How Pinterest Leverages Realtime User Actions in Recommendation to Boost Homefeed Engagement Volume
Xue Xia, Software Engineer, Homefeed Ranking; Neng Gu, Software Engineer, Content & User Understanding; Dhruvil Deven Badani, Engineering Manager, Homefeed Ranking; Andrew Zhai, Software Engineer, Advanced Technologies Group
In this blog post, we will demonstrate how we improved Pinterest Homefeed engagement volume from a machine learning model design perspective — by leveraging realtime user action features in Homefeed recommender system.
The Homepage of Pinterest is the one of most important surfaces for pinners to discover inspirational ideas and contributes to a large fraction of overall user engagement. The pins shown in the top positions on the Homefeed need to be personalized to create an engaging pinner experience. We retrieve a small fraction of the large volume of pins created on Pinterest as Homefeed candidate pins, according to user interest, followed boards, etc. To present the most relevant content to pinners, we then use a Homefeed ranking model (aka Pinnability model) to rank the retrieved candidates by accurately predicting their personalized relevance to given users. Therefore, the Homefeed ranking model plays an important role in improving pinner experience. Pinnability is a state-of-the-art neural network model that consumes pin signals, user signals, context signals, etc. and predicts user action given a pin. The high level architecture is shown in Figure 3.

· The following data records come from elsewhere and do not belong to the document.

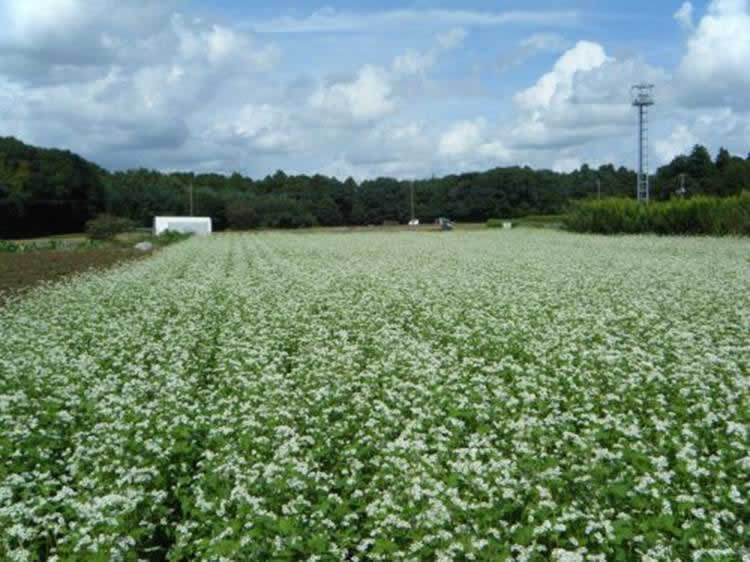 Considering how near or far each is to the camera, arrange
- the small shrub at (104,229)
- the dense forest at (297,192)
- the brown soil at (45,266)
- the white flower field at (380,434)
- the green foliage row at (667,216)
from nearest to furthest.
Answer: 1. the white flower field at (380,434)
2. the brown soil at (45,266)
3. the green foliage row at (667,216)
4. the small shrub at (104,229)
5. the dense forest at (297,192)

The Pinnability model has been using some pretrained user embedding to model user’s interest and preference. For example, we use PinnerFormer (PinnerSAGE V3), a static, offline-learned user representation that captures a user’s long term interest by leveraging their past interaction history on Pinterest.

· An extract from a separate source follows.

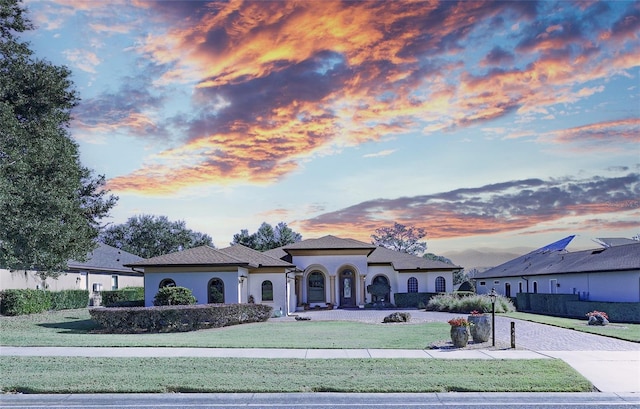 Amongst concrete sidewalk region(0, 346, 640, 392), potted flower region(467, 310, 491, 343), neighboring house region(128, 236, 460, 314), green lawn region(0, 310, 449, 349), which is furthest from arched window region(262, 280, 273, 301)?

However, there are still some aspects that pretrained embeddings like PinnerSAGE does not cover, and we can fill in the gap by using a realtime user action sequence feature:
- Model pinners’ short-term interest: PinnerSAGE is trained using thousands of user actions over a long term, so it mostly captures long-term interest. On the other hand, realtime user action sequence models short-term user interest and is complementary to PinnerSAGE embedding.
- More responsive: Instead of other static features, realtime signals are able to respond faster. This is helpful, especially for new, casual, and resurrected users who do not have much past engagement.

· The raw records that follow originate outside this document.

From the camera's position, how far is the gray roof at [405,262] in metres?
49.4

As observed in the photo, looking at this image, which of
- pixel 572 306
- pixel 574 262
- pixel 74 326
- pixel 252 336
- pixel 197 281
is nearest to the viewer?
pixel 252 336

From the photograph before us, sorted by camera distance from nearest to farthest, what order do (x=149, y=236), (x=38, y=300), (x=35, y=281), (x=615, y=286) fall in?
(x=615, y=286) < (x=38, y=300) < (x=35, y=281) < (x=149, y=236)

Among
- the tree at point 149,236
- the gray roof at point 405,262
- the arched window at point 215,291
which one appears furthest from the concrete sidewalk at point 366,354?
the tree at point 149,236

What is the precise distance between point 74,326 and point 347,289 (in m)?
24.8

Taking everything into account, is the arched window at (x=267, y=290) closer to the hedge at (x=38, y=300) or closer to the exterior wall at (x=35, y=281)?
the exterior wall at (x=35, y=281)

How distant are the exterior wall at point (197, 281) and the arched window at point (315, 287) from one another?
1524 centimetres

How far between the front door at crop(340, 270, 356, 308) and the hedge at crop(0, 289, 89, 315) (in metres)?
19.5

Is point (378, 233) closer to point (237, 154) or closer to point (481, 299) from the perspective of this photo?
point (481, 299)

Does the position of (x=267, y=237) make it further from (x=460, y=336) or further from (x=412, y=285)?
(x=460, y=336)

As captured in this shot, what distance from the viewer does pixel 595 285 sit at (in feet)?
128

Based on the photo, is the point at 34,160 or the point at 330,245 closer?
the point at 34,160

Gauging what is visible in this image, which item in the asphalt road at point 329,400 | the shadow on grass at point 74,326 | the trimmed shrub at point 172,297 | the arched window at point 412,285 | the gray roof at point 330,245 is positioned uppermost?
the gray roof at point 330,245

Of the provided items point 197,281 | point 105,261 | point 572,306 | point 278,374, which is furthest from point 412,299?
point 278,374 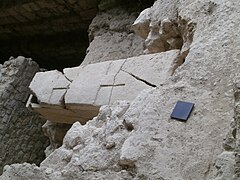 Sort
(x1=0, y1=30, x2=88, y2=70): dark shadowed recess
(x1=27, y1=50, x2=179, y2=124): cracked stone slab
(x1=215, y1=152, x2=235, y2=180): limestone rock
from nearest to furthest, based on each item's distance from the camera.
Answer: (x1=215, y1=152, x2=235, y2=180): limestone rock < (x1=27, y1=50, x2=179, y2=124): cracked stone slab < (x1=0, y1=30, x2=88, y2=70): dark shadowed recess

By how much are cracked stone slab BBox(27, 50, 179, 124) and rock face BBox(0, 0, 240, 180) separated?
1.10 ft

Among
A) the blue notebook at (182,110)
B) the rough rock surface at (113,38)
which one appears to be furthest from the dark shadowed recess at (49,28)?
the blue notebook at (182,110)

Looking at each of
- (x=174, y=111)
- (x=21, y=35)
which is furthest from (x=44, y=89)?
(x=21, y=35)

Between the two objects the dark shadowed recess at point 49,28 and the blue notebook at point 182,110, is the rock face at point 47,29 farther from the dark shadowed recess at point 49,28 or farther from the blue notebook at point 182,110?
the blue notebook at point 182,110

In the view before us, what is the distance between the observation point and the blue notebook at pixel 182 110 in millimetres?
1542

- End-to-end optimization for recommendation model objective: We use a user action sequence feature as a direct input feature to the recommendation model and optimize directly for model objectives. Unlike PinnerSAGE, we can attend the pin candidate features with each individual sequence action for more flexibility.
In order to give pinners real-time feedback to their recent actions and improve the user experience on Homefeed, we propose to incorporate the realtime user action sequence signal into the recommendation model.
Features: Realtime User Action Sequence
A stable, low latency, realtime feature pipeline supports a robust online recommendation system. We serve the latest 100 user actions as a sequence, populated with pin embeddings and other metadata. The overall architecture can be segmented to event time and request, as shown in Figure 2.
To minimize the application downtime and signal failure, efforts are made in:
- Features/schema force validation
- Delayed source event handling to prevent data leakage
- Itemized actions tracking over time data shifting
- Stats monitoring on core job health, latency/throughput etc.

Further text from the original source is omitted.